> **RECORDED INFORMATION**
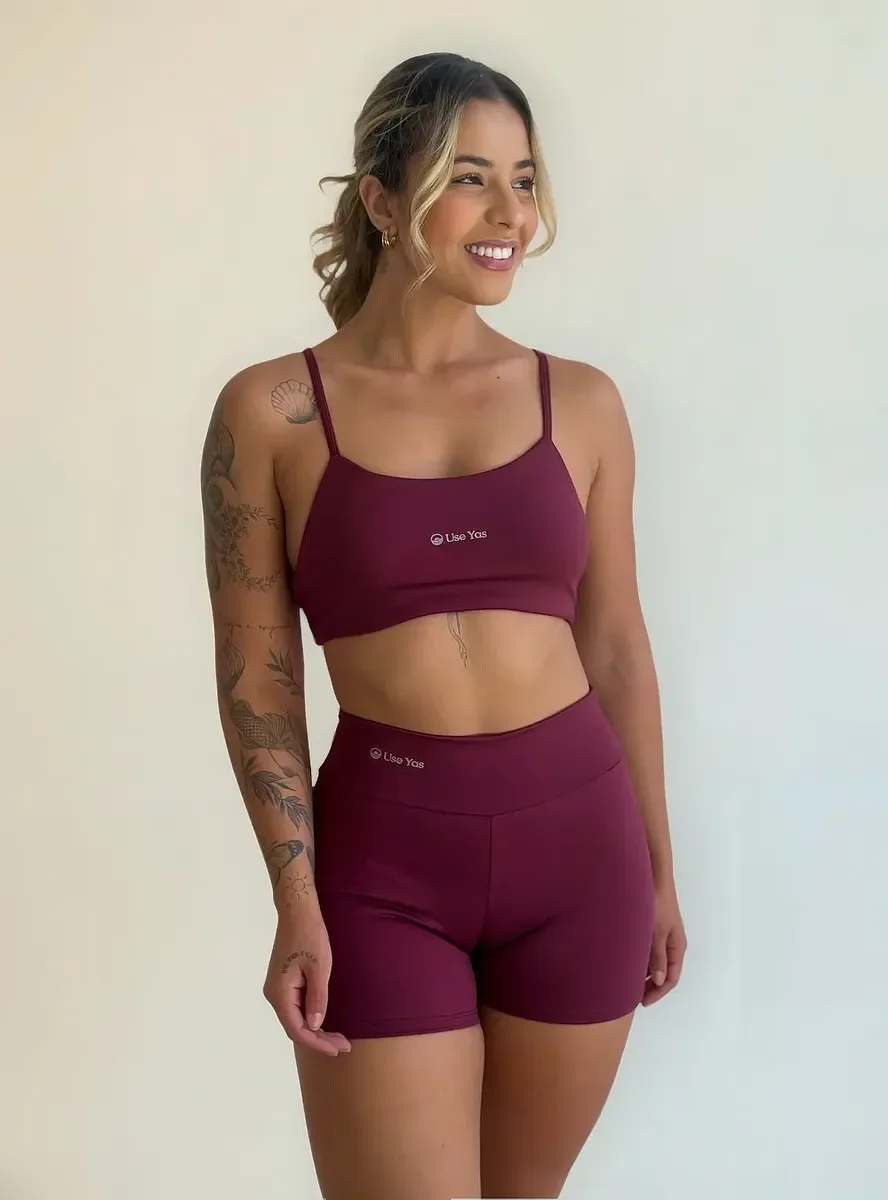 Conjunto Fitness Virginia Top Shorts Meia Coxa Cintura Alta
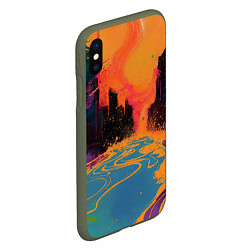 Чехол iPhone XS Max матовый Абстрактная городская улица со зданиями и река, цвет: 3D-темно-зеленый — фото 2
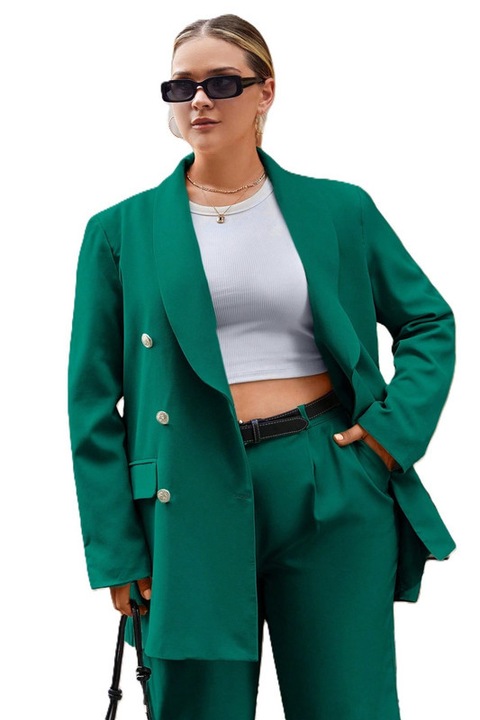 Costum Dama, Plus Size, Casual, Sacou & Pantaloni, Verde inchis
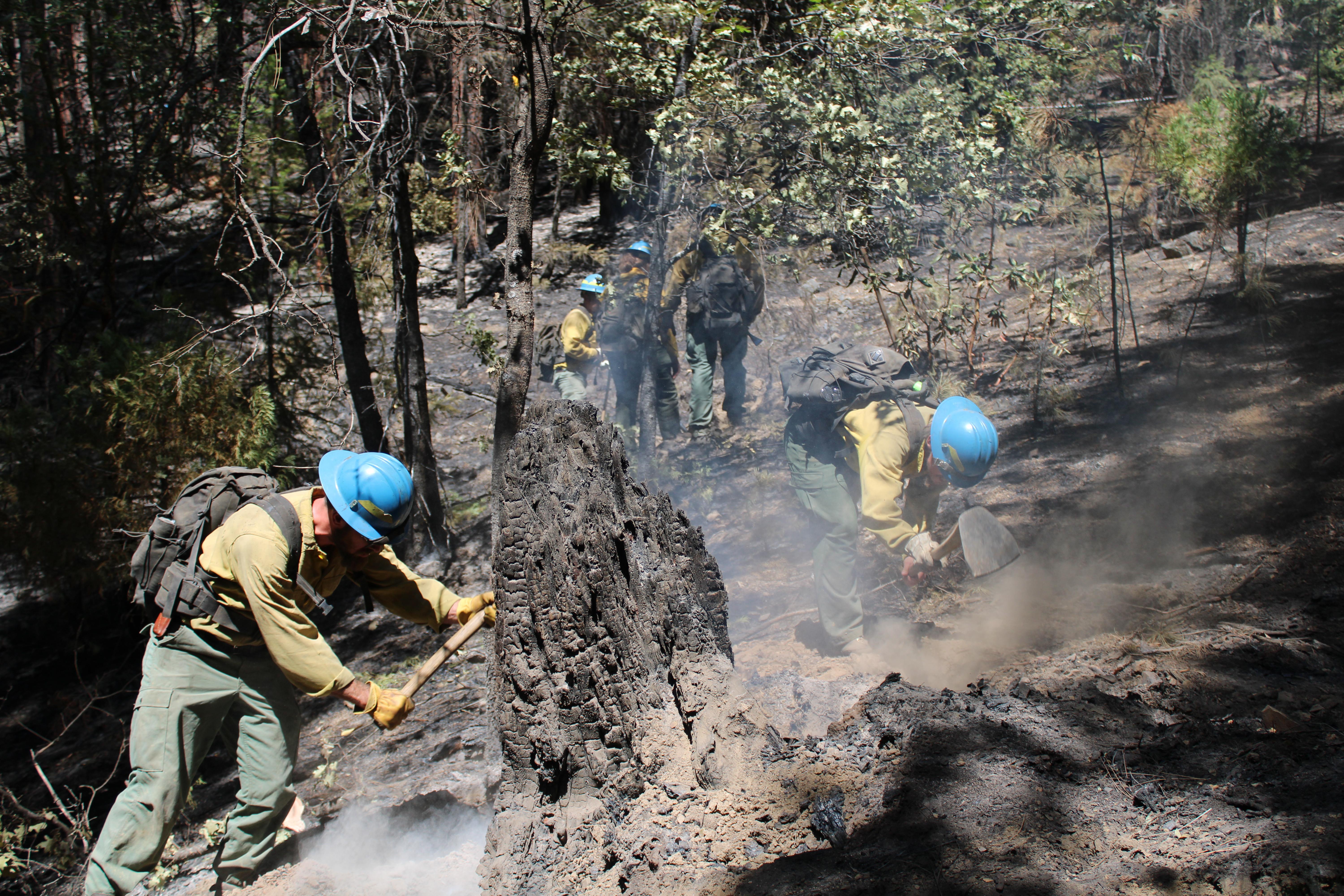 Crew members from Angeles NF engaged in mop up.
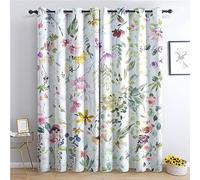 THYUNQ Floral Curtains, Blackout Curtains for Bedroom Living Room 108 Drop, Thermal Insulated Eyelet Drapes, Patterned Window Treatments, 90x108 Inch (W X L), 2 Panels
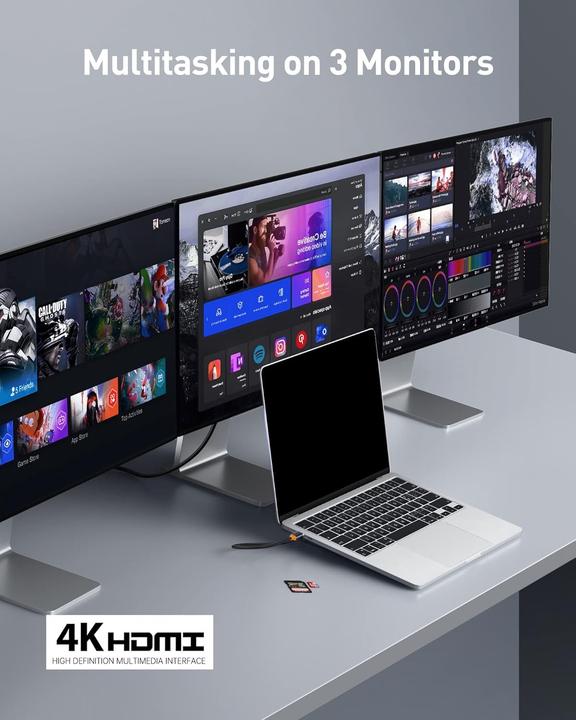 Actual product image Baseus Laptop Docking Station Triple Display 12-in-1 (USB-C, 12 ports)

> **EXERCISE DESCRIPTION**
In your copy of the entries above, keep the text exact and leave out the pictures.

> **SOLUTION FOR THIS EXERCISE**
 Conjunto Fitness Virginia Top Shorts Meia Coxa Cintura Alta
 Чехол iPhone XS Max матовый Абстрактная городская улица со зданиями и река, цвет: 3D-темно-зеленый — фото 2
 Costum Dama, Plus Size, Casual, Sacou & Pantaloni, Verde inchis
 Crew members from Angeles NF engaged in mop up.
 THYUNQ Floral Curtains, Blackout Curtains for Bedroom Living Room 108 Drop, Thermal Insulated Eyelet Drapes, Patterned Window Treatments, 90x108 Inch (W X L), 2 Panels
 Actual product image Baseus Laptop Docking Station Triple Display 12-in-1 (USB-C, 12 ports)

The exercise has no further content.